◆ **What is needed**
Please print the whole listing below exactly as it stands.

◆ **Dataset content**

--------------------------------------------------

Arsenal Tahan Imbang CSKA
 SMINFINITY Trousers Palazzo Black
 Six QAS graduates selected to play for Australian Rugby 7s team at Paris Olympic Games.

--------------------------------------------------

◆ **Response to the task**
Arsenal Tahan Imbang CSKA
 SMINFINITY Trousers Palazzo Black
 Six QAS graduates selected to play for Australian Rugby 7s team at Paris Olympic Games.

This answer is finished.